Perhaps it was his peasant background. Peasants were always only too willing to believe the miraculous. Every year his mother would take his father out to that Armenian church, the one where a miracle cure was supposed to take place at one or other of their festivals. Nothing ever happened, but his mother still went, a headscarved Muslim woman, dragging a rakı-soaked lush in her wake. Mystery and magic. Like the way Zhivkov, pure evil in his eyes, consistently escaped death. Some sort of demon, he had to be! Peasant thinking again. Süleyman thought rationally about tunnels built by his fabulous, aristocratic ancestors; he conjured up devils and djinn and things that reach out and grab you in the night.
His heart missed a beat, he felt it distinctly. Not even a second’s warning. Something large and black wrapped itself round his throat and lifted him clean off his feet.
‘I’m a police officer!’ Süleyman held his ID aloft to the eye slits in their balaclava helmets.
The one who had his foot on Süleyman’s chest glanced at it briefly before shrugging at his colleague in what might have been a meaningful fashion. Who were they, these huge, black-clad men bristling with guns?
‘Who are you?’ As soon as he’d asked the question he knew it was pointless. Their only answer was to roll him over on his stomach and cuff him. Next came a rough piece of cloth which covered his eyes. Clearly his police ID did not impress them. Did they even recognise it for what it was? Were they going to kill him?
He felt one of them squat down beside him, heard something unzip beside his ear.

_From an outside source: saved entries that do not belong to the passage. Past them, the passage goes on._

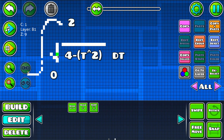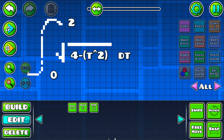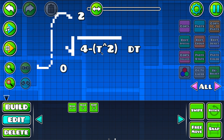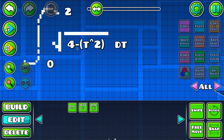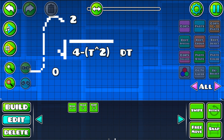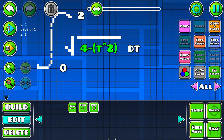I actually have my math final tomorrow, so I'm planning on uploading this tomorrow while I'm probably taking the math exam. Today is my math exam, so I'm going to do a math problem today. The problem is an integral from 0 to 2 of the square root of 4 minus t squared, and I'm going to try my best to do this in Geometry Dash.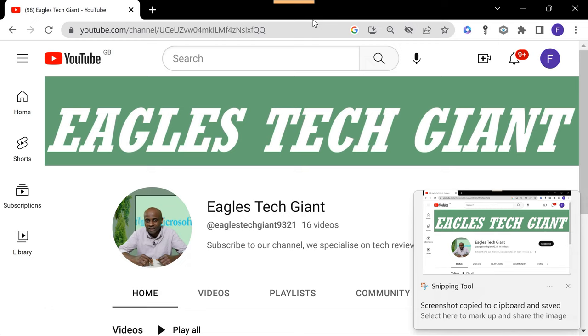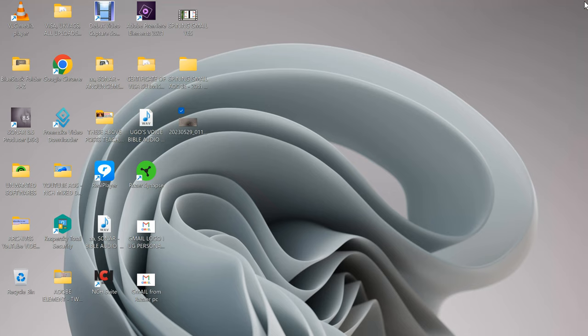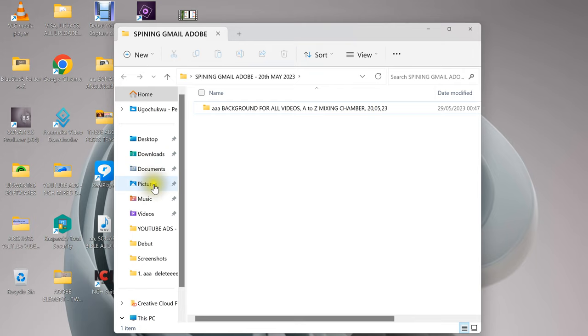Then it has taken the screenshot. You can close this because you don't necessarily need it. Let me close this. Now you open any folder at all, then you'll come here to Pictures, you click on this.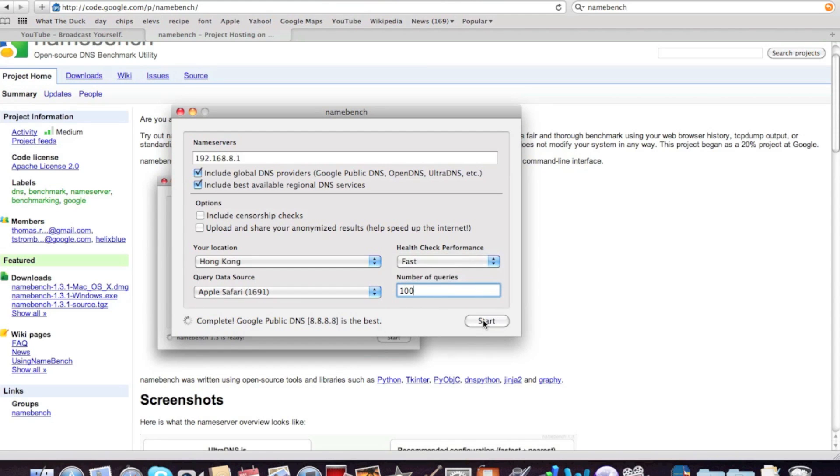So let's click start. This will take a while, so I'll come back when it's ready.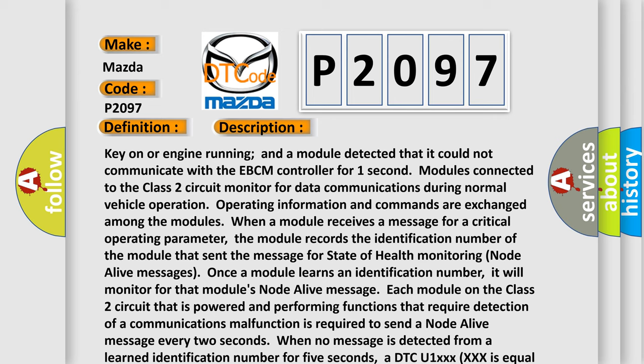When a module receives a message for a critical operating parameter, the module records the identification number of the module that sent the message for State of Health monitoring node alive messages. Once a module learns an identification number, it will monitor for that module's node alive message.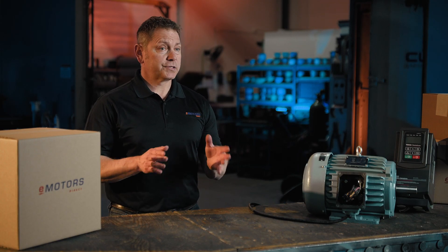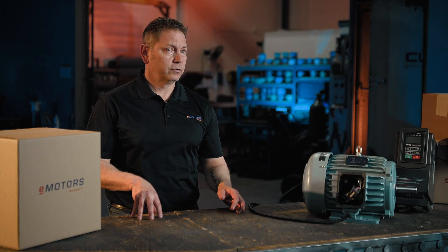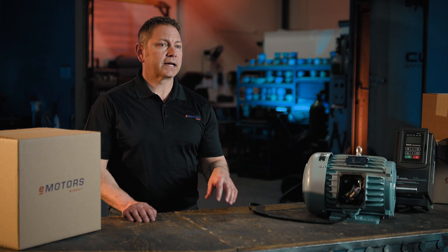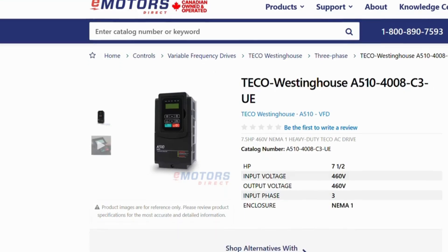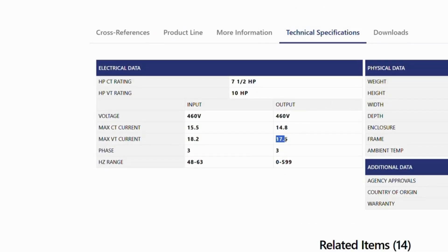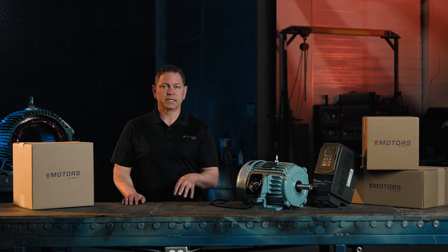For example, if your 7.5 horsepower motor is rated for 9.2 amps at 460 volts and you have a constant torque application, you'll want to ensure the output current of your VFD is more than 9.2 amps. This is usually indicated as max CT current output in the technical section of your data pack. In this example, this TECO A510 is rated for 14.8 amps constant torque and 17.5 amps variable torque, which means you could use it for a 10 horsepower variable torque application because of the reduced overload capacity that is needed.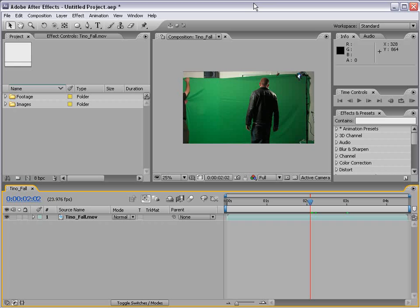Hi, welcome to the time remapping section of this After Effects basic training series. What we're going to do is take a look at speed changes inside of After Effects.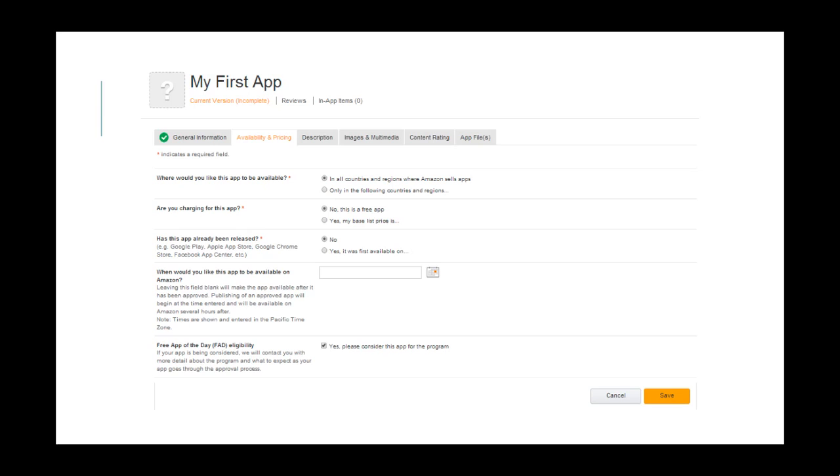In the Availability and Pricing tab, you enter the price, if it's a non-free app, and the countries and regions where your app is going to be available. You can also apply for the free app of the day program.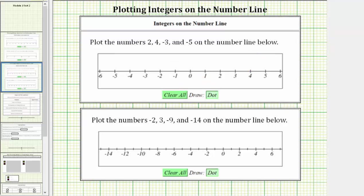The first integer to plot is positive 2. Positive 2 is located two units to the right of zero, starting at zero. If we count right two units — 1, 2 — this is the location of positive 2 on the number line. And of course the label shows positive 2.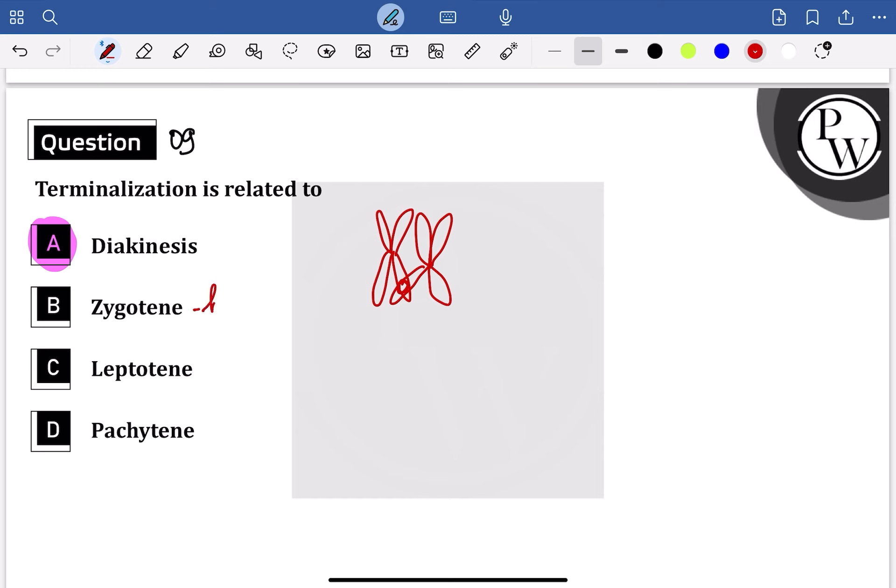In zygotene, homologous chromosomes pair together. Homologous chromosomes pair—this is called synapsis formation. Synaptonemal complex formation also occurs.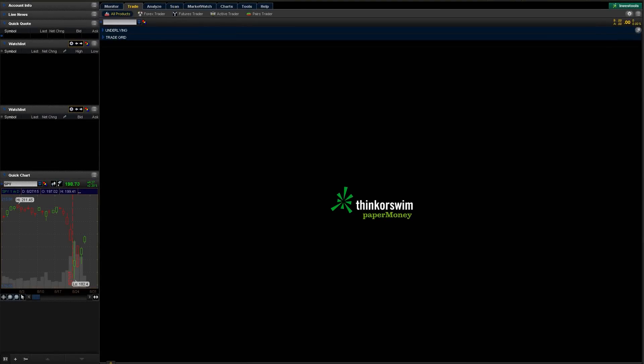Hey, this is Nate from ClayTrader.com. Today we're going to go through another tutorial on the Thinkorswim platform, and we're going to address how to trade or how to buy or sell a stock.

‘Sleep,’ a voice said, just before something painful speared his bicep. Sleep, one word, short, staccato, in English. Süleyman’s mind flew down a deep black hole with sickening rapidity.
He’d been right, the door was unlocked. In an effort to contain his nervousness İkmen put a fist up to his mouth and bit down hard on his knuckles. Briefly he looked around. There was nothing to see beyond the trees and bushes sweeping away down to the blackening mass of the Bosphorus at the bottom of the hill. No Süleyman or İskender, yet. They would come but in the meantime he felt exposed. There was no evidence to support the idea that there was anyone about but themselves but just in case security should pass and glance up at the building, he ought to get inside.
The door moved easily and without squeaking. İkmen entered the dark hall, his eyes quickly scanning for the door Süleyman had described, the one all the men had walked through. There it was. He put his head back round the main door and looked for his colleagues again. They were both taking their time. That was unlike Süleyman at least. İkmen frowned. If anything had happened to either of them he would never forgive himself. He looked at the inner door again. There didn’t appear to be any kind of light behind it, suggesting that wherever the men had gone was some distance from it. He hoped it, too, was unlocked. If it wasn’t he could probably get it unlocked. It would be nice to know for certain, however. He looked outside once again. Nothing. This was getting worrying, he was older and far more unfit than the others.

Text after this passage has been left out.